EXTRACTED DATA:
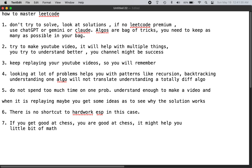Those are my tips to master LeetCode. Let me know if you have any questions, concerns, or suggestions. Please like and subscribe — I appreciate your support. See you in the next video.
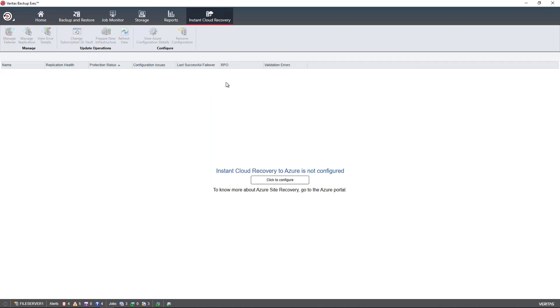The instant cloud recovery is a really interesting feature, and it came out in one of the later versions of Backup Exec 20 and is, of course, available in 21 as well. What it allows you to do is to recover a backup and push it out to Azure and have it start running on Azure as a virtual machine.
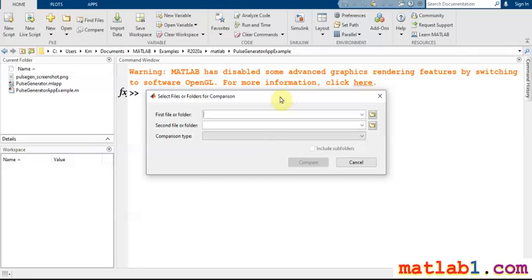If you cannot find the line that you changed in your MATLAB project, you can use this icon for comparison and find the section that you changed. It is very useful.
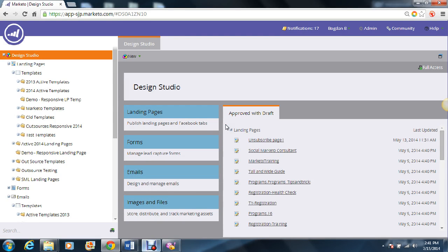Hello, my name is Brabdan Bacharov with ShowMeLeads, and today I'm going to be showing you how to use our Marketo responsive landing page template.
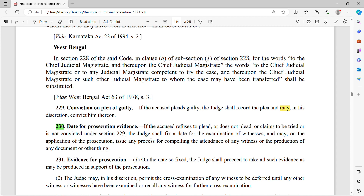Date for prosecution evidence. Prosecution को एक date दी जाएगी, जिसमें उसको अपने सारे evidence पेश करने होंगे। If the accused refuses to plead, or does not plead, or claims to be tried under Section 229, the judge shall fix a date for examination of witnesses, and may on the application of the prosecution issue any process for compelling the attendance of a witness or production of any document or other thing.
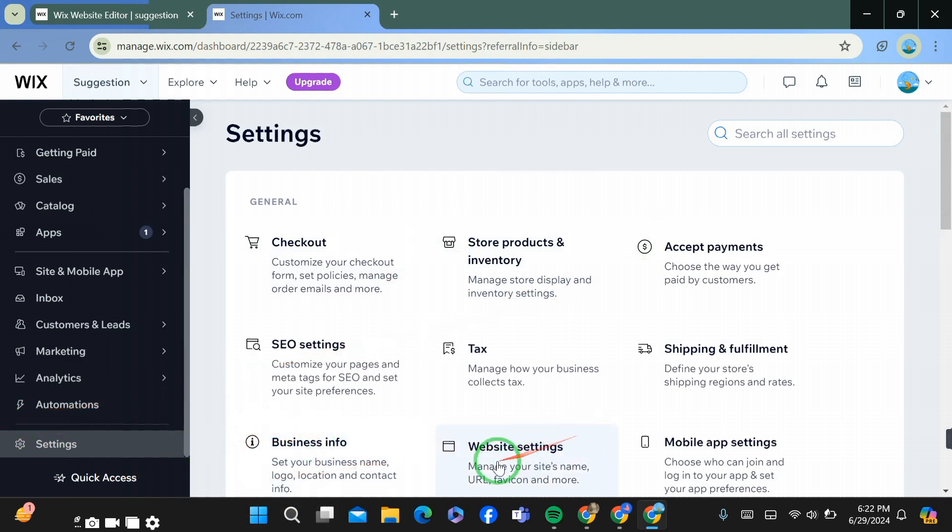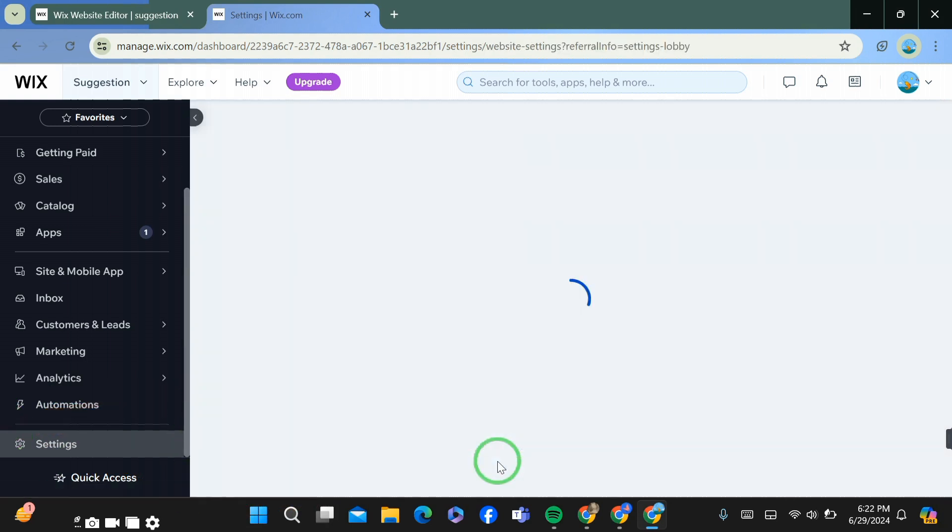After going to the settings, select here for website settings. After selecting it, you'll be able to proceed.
--
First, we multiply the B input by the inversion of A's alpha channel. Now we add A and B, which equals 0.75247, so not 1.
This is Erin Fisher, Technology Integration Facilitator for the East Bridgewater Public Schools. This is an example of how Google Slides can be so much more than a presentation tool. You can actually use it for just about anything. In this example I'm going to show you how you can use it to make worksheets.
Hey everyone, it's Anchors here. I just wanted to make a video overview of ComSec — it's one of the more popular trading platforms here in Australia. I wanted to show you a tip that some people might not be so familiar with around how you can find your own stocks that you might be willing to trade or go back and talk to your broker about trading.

THE TASK:
Retype the lines above exactly as they appear, from the line containing "Date for prosecution" through the line containing "After going to", and leave out any pictures.

WRITTEN SOLUTION:
Date for prosecution evidence. Prosecution को एक date दी जाएगी, जिसमें उसको अपने सारे evidence पेश करने होंगे। If the accused refuses to plead, or does not plead, or claims to be tried under Section 229, the judge shall fix a date for examination of witnesses, and may on the application of the prosecution issue any process for compelling the attendance of a witness or production of any document or other thing.
After going to the settings, select here for website settings. After selecting it, you'll be able to proceed.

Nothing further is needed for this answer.